Ça aurait dû être Honoré Bonnefoy, mon oncle d’Amérique, grand-oncle en fait, mais sa mère, la terrible Gaby, avait dissimulé le courrier qui l’invitait à aller travailler là-bas, alors il se rabattit sur les Salines du Midi, rejoignant la terre de son père.
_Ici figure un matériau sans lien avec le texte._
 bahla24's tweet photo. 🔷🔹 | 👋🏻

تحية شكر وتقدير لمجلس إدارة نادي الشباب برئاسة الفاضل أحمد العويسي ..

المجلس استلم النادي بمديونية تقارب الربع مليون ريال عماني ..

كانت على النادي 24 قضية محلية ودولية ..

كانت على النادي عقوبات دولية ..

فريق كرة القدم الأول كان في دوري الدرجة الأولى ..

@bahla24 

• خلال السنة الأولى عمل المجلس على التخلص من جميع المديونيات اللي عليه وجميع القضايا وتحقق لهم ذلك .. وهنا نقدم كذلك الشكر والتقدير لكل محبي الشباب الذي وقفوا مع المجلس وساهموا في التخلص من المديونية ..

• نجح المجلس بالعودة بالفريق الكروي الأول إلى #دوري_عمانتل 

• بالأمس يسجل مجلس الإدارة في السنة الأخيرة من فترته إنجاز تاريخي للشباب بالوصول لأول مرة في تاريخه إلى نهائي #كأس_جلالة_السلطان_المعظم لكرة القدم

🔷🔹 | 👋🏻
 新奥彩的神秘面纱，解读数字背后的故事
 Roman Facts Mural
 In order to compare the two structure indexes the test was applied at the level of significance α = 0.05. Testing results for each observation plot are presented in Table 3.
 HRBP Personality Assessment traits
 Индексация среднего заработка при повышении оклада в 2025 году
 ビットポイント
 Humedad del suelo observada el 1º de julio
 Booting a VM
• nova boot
Me souviens de sa villa moderne dans les marais, puis de sa maison sur le boulevard Intérieur Nord, juste sous les remparts, pour se débarrasser des moustiques, il aimait raconter des histoires, de lui, qu’on venait d’Andalousie, enfin cette branche-là, chassés par La-Catholique, -ai retrouvé les papiers, de Bonafé à Bonnefoy, et l’itinéraire de Clermont l’Hérault à Aigues-Mortes, ai supposé pour Bonafidé une généalogie classique de marranes-, de lui aussi, comment, minaud, il avait vu Œhmichen, que lui prononçait oh, eh, faire ses essais d’hélicostat dans un champ à Valentigney, et comment ça se cassait la figure, et que les petits se gondolaient, non sans y retourner, espérant sans doute qu’il finirait par vraiment s’envoler, cet ancêtre de l’hélicoptère.
Mais mon oncle d’Amérique, en fait, s’appelait Alex, venait de Suisse et travaillait comme ingénieur aéronautique en Californie, et lui expliquait comment on avait éclaté les études et la production de fusées en tous petits processus, partout sur le territoire, dans le but que personne n’en maîtrise la totalité, pour que les secrets de fabrication en soient bien gardés. Qu’est-ce que ça ferait aujourd’hui à l’heure d’internet, qu’on coupe les secrets en quatre.
Mais en attendant les conversations, c’était ça, à la maison, on parlait histoire des juifs d’Europe, technique et organisation, avec les oncles. Drôle de mélange.